Dream big, but put in the work first​​​​​​​ like JT Roach

Roach recently won the season finale of 'Songland'
JT Roach with his guitar on a pier
Photo Courtesy of JT Roach

When millions of viewers tuned in to NBC in September to watch 32-year-old Madison native JT Roach win the season finale of NBC’s “Songland,” they quite possibly witnessed the best day of Roach’s life. But that’s not the same thing as living your best life, and Roach knows it.

“It’s dreamy to think I just showed up in LA and then I ended up on the show and now my entire career is starting,” says Roach, whose original song “Somebody to Love” was recorded by OneRepublic and hit No. 1 on iTunes. “But the reality is I’ve definitely put in my 10,000 hours in my craft. I’ve written somewhere between 2,000 and 3,000 demos since moving to LA at least.”

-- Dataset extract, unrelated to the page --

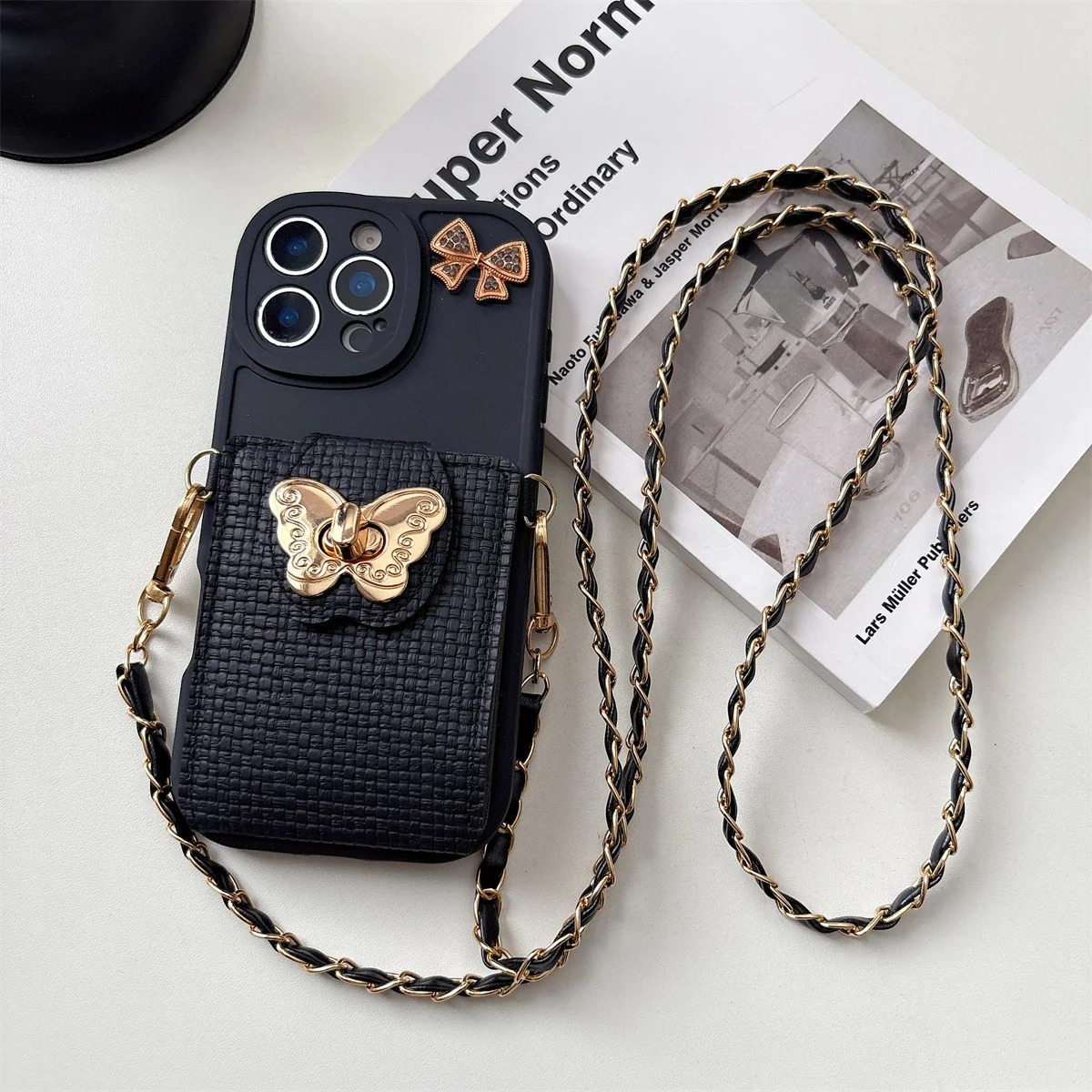 Luxury iPhone Case — Cartoon Butterfly Crossbody Wallet Cover with Card Bag Design, Shockproof Leather Protection & Hands-Free Strap Style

We’re sitting on the wooded back deck of the Madison house he was raised in. Inside are his parents, one of two sisters, his girlfriend and their new puppy. It’s been a whirlwind few days since Roach flew home for the watch party, but everybody here knows he was hardly an overnight success.

“I really am a deeply rooted Midwest dude. My story in LA is a story of struggle, but I’ve had so much support leading up to that that I feel like I was well prepared to deal with some of the trials and difficulties of that lifestyle,” says Roach, a proud alum of Our Lady Queen of Peace, Madison Edgewood and the University of Wisconsin–Madison. A history major, Roach made YouTube videos covering popular songs in his dorm room. He collaborated with friends like Quincy Harrison, who went on to create the “Teach Me How to Bucky” song. He embraced the hip-hop and acoustic community and played at every local venue.

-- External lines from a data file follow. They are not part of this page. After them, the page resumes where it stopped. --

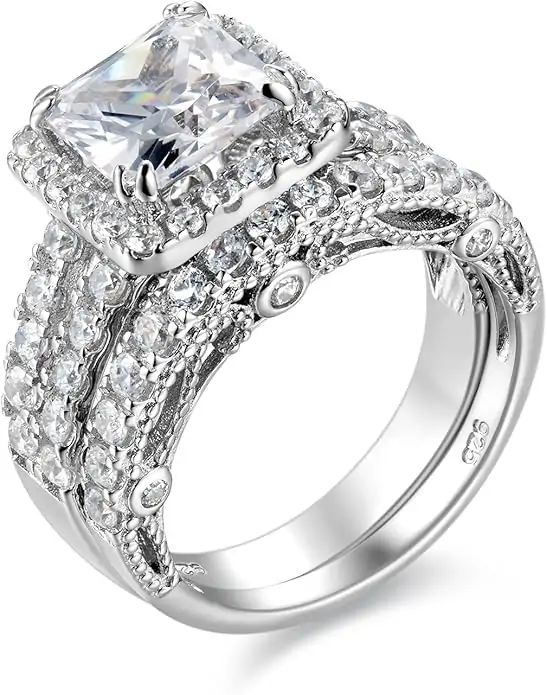 Wuziwen 4Ct Engagement Rings for Women Sterling Silver Cubic Zirconia Wedding Bridal Ring Set Size 4-13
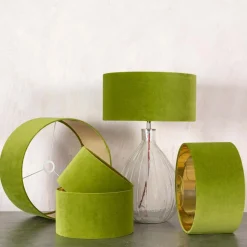 Graham & Green Pistachio Green Velvet Lamp Shades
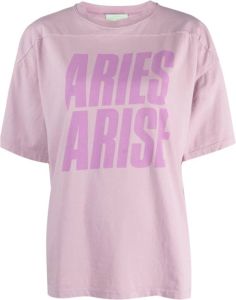 Aries T-shirt met logoprint Paars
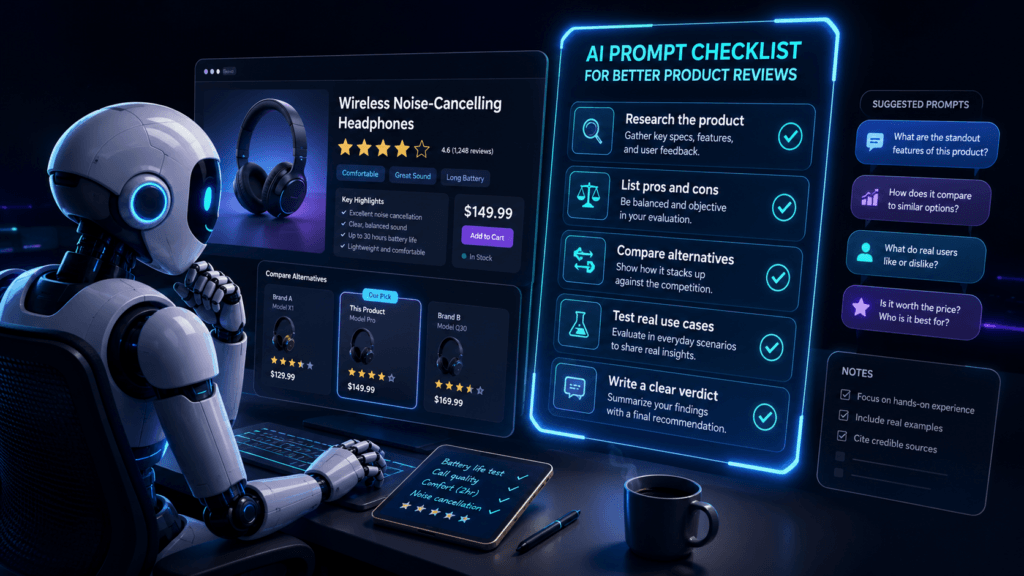 FluxBot pointing to an AI product review prompt workflow with features, pros, cons, pricing, and final verdict.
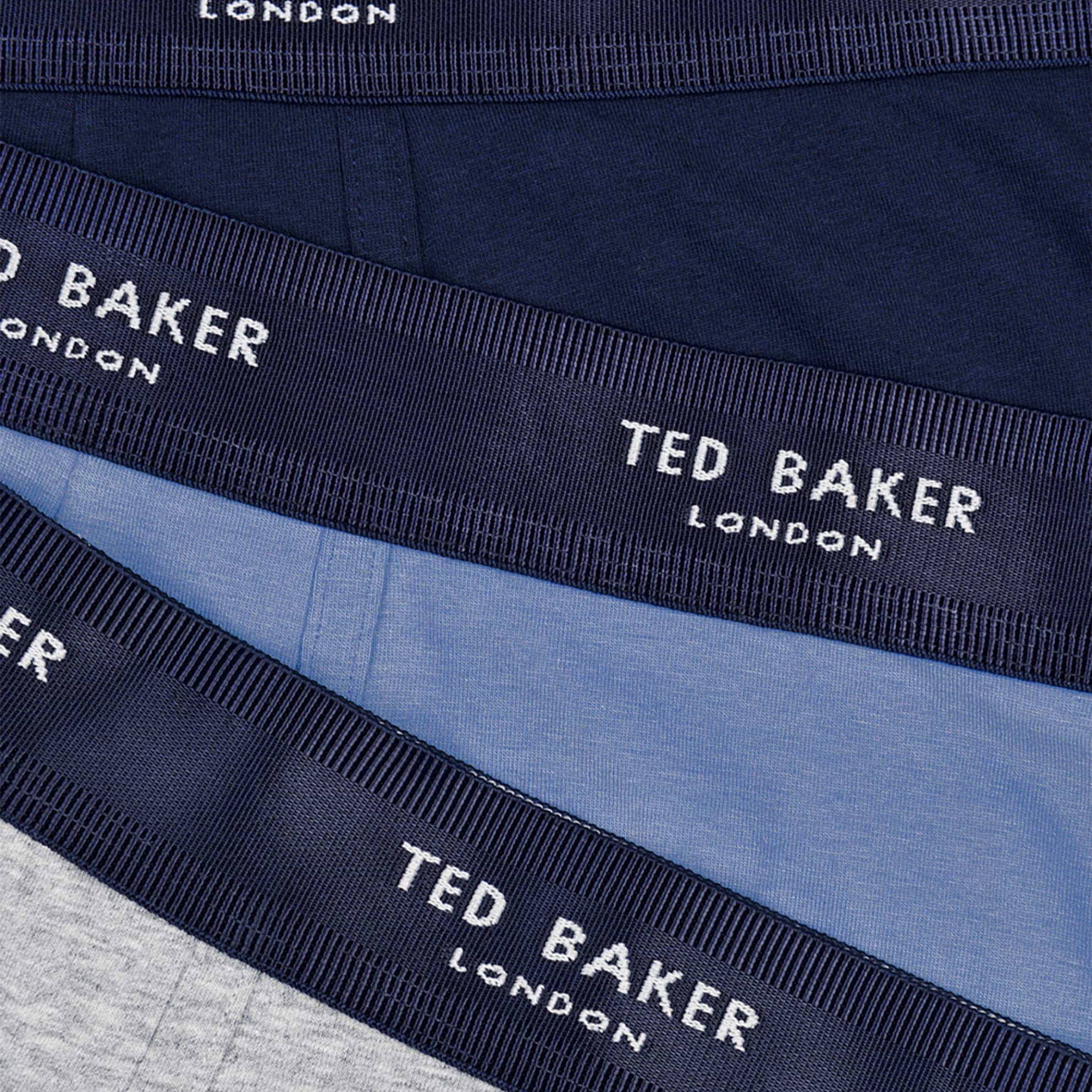 Ted Baker 3 Pack Cotton Stretch Fashion Trunks - Grey / Navy / Blue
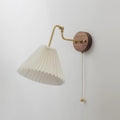 Vintage Brass & Walnut Wall Lamp with Pleated Fabric Shade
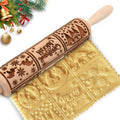 Christmas Embossed Rolling Pin for Baking Cookies Embossing Rolling Pins with Design Wooden Engraved Springerle Roller Pin Dough Patterned Clay Pottery Ceramic Bakers Women (Nativity Patterns) - color: Nativity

But his strongest influence has been the Roach clan, who encouraged him to go for it. His extended family is sprawling and supportive, his immediate family tight-knit, driven and creative. Roach grew up watching his Oscar-nominated, Emmy-winning dad actually make a living in the creative arts, even while raising a family — so he knew it could be done.

“My family is incredible. A lot of kids, if they would say, ‘I want to move to LA and make a living off of these poems that I’m writing,’ not a lot of parents understand that. My dad is on a shortlist of people who do, because he does that himself,” says Roach. (The elder Roach has penned the back page column of this magazine for more than 25 years.)

Roach set out for LA six years ago to make it as a songwriter in the cutthroat music industry. It took only six months for his money to run out, but somehow he kept the faith. And he kept writing, sometimes in hallways and closets, sometimes on friends’ couches that doubled as his bed for the night. In those first three years, he wrote one to two songs a day.

“I was pretty obsessively nonstop writing and producing music, both because I love it, but also because I knew I needed to prove myself if I was going to make it,” says Roach. “And I still feel that way. There’s still a lot of uncertainty in the career in general.”

But even in the year leading up to his “Songland” success, Roach had already begun to seek balance. He and his serious girlfriend got a place together, and a dog. He started a daily meditation practice, exercises most days and tries to limit his work hours. If all you do is work, you won’t have much to write about, he says.

“I try to treat it like a 9-to-5,” he says. “I really try to enjoy my life when I’m not working because then it informs the art and you feel like you have more balance and you’re more relaxed and you have more inspiration.”

You have to believe in yourself, Roach says, and it’s never too late. Have patience, set goals and put in the work each day. Winning “Songland” sure looked like Roach’s lucky break, but there’s an old saying by the Roman philosopher Seneca: “Luck is what happens when preparation meets opportunity.” As surreal as it was when the “Songland” producers came knocking, Roach had two top-contender recordings ready to audition on the spot. He’d already released numerous singles on iTunes and even dropped a new song just days after “Somebody to Love” went to No. 1.

Winning “Songland” was thrilling, and it still feels surreal to Roach. But even if he hadn’t won, the experience of collaborating with producers and other talented songwriters was invaluable. He’s stayed close with the other contestants, new doors have opened and now his goals are bigger than ever. He can’t help it — once the impossible comes true, your definition of impossible changes. Roach hopes to have a record deal with a major label within the year, tour with his band and land more records with big artists.

“I want a No. 1 record in the country,” he says, then pauses and smiles. “But there’s also people who would kill to be in my shoes right now. So it’s a balance of staying motivated and working hard toward your goals, but also trying to enjoy the milestones that you have.”